= Arthur Jewitt =

English topographer

Arthur Jewitt (1772–1852) was an English topographer.

==Life==
Jewitt was the eldest son of Arthur and Mary Jewitt. His mother was the daughter of Jonathan Priestley of Dronfield and she gave birth to Arthur in Sheffield on 7 March 1772. At the age of fourteen he was apprenticed to his father, a cutler. At the end of his apprenticeship on his twenty-first birthday, 7 March 1793, he married Martha Sheldon of Crooke's Moor, Sheffield.

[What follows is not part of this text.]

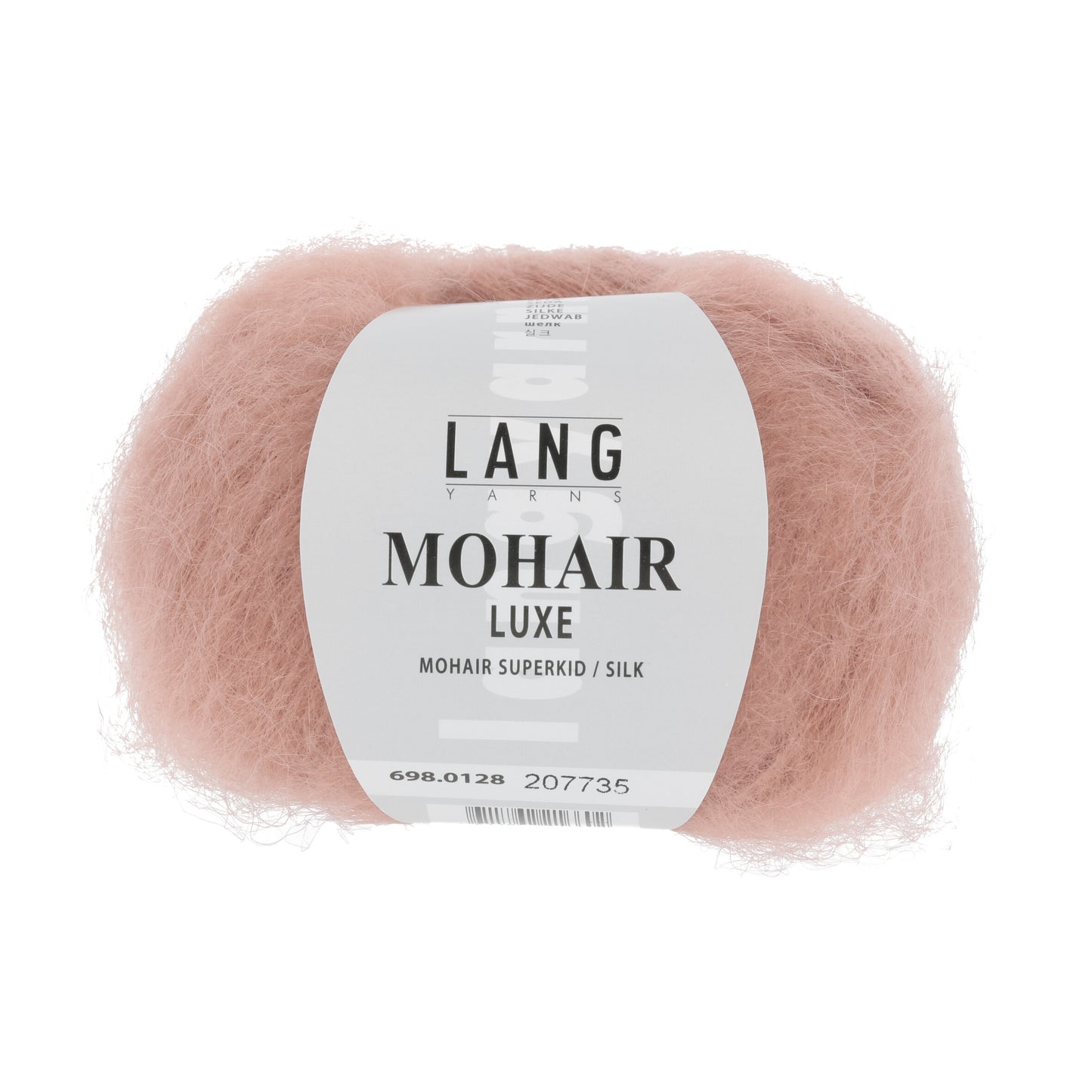 MOHAIR LUXE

Jewitt had read largely from youth, and now opened a private school. In 1794 he became master of a school at Chesterfield, and after several removals and changes was master of the Kimberworth school from 1814 to 1818, when he retired from educational work and removed to Duffield near Derby. There he remained until 1838, when he joined some of his family at Headington, near Oxford. He died at Headington on his birthday, 7 March 1852. His wife died at Duffield in November 1835. Two of his seven sons were Llewellyn Jewitt (1816–1886) and Orlando Jewitt (1799–1869).

==Works==
Jewitt was known by his topographical works. The History of Lincolnshire appeared in 1810, and The History of Buxton in 1811. In July 1817 he commenced The Northern Star, or Yorkshire Magazine, a monthly register of arts, biography, statistics, manufactures, &c., which ran to three volumes, 1817–18. On 1 January 1818 he brought out the first number of The Sylph, or Lady's Magazine for Yorkshire, Derbyshire, and the adjoining Counties. The Lincoln and Lincolnshire Cabinet and Annual Intelligencer appeared at Lincoln during 1827–9. His Matlock Companion, 1835, and Derbyshire Gems were very popular. His Handbook of Practical Perspective, 1840, and his Handbook of Geometry, 1842, were adopted by the committee of council on education.

He contributed mathematical papers to the British Diary and to the Lady's and the Gentleman's diaries, and was a writer for the Penny Magazine, and for Britton and Brayley's Graphic and Historical Illustrator.

He also wrote Peak Rhapsody a moving tribute to the land where the purple heather the thyme & bilberry grow together.